Exercise details
Make an exact copy of each entry, leaving out every picture.
BEGIN Dataset extract
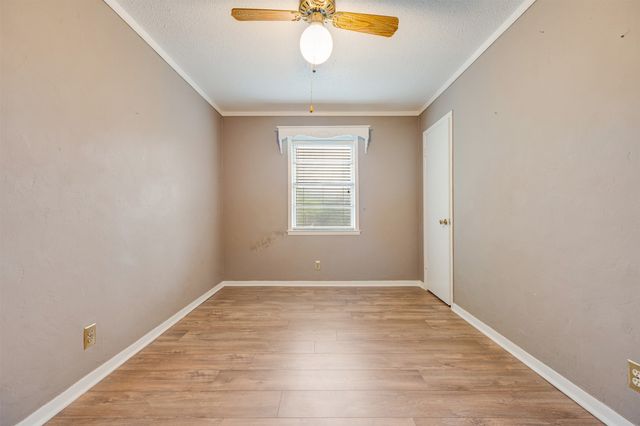 4025 Old Bonham Road, Paris, TX 75460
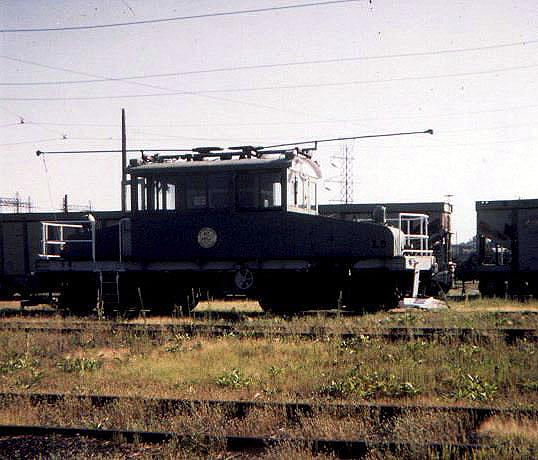 usr_m_mke_work_w007_kj_mke176.jpg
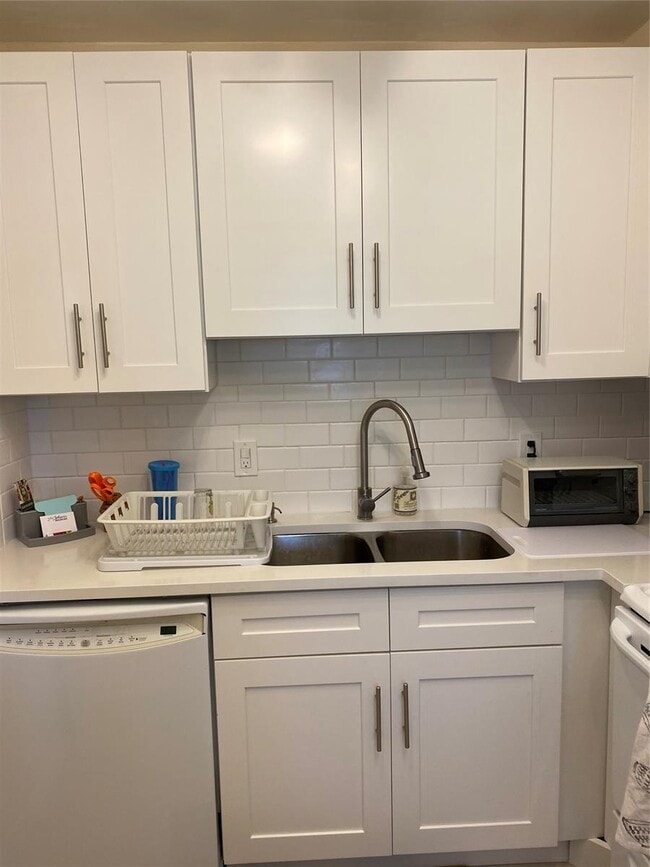 Photo - 146 Lyndhurst G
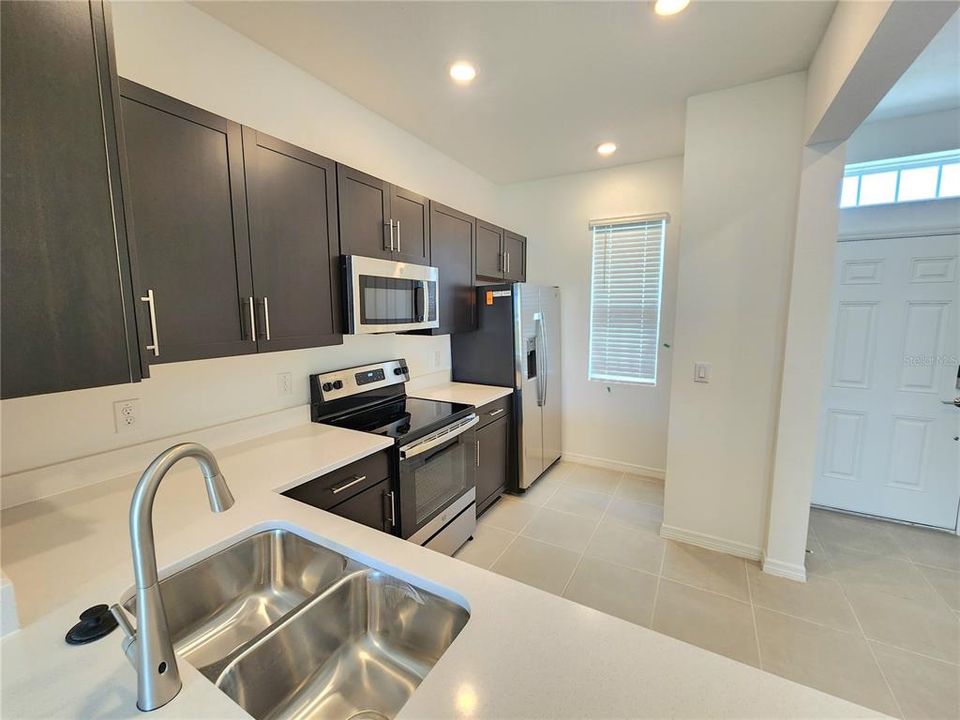 For Rent: $1,800 (2 beds, 2 baths, 1120 Square Feet)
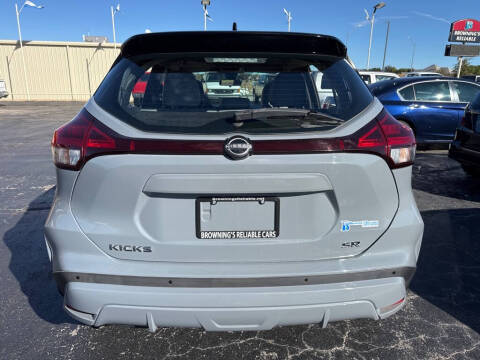 2022 Nissan Kicks SR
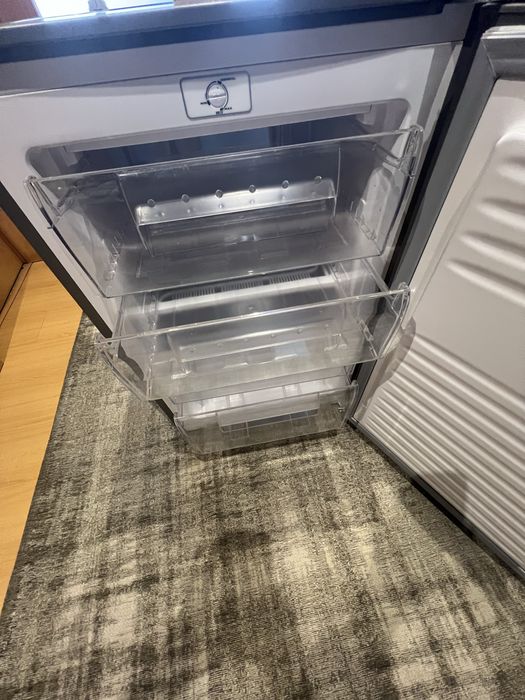 Arca vertical Candy CCTUS542XH com avaria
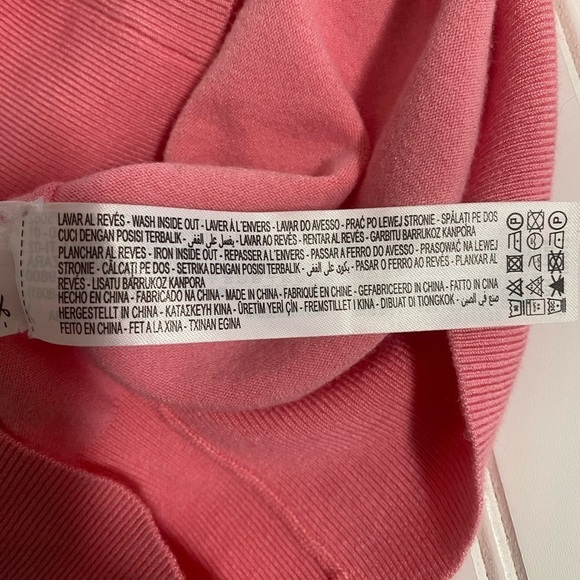 Zara Women’s Medium Pink Knit Sleeveless SweaterWith Gold Snap Button Closure - Picture 8 of 11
END Dataset extract
Expected output
 4025 Old Bonham Road, Paris, TX 75460
 usr_m_mke_work_w007_kj_mke176.jpg
 Photo - 146 Lyndhurst G
 For Rent: $1,800 (2 beds, 2 baths, 1120 Square Feet)
 2022 Nissan Kicks SR
 Arca vertical Candy CCTUS542XH com avaria
 Zara Women’s Medium Pink Knit Sleeveless SweaterWith Gold Snap Button Closure - Picture 8 of 11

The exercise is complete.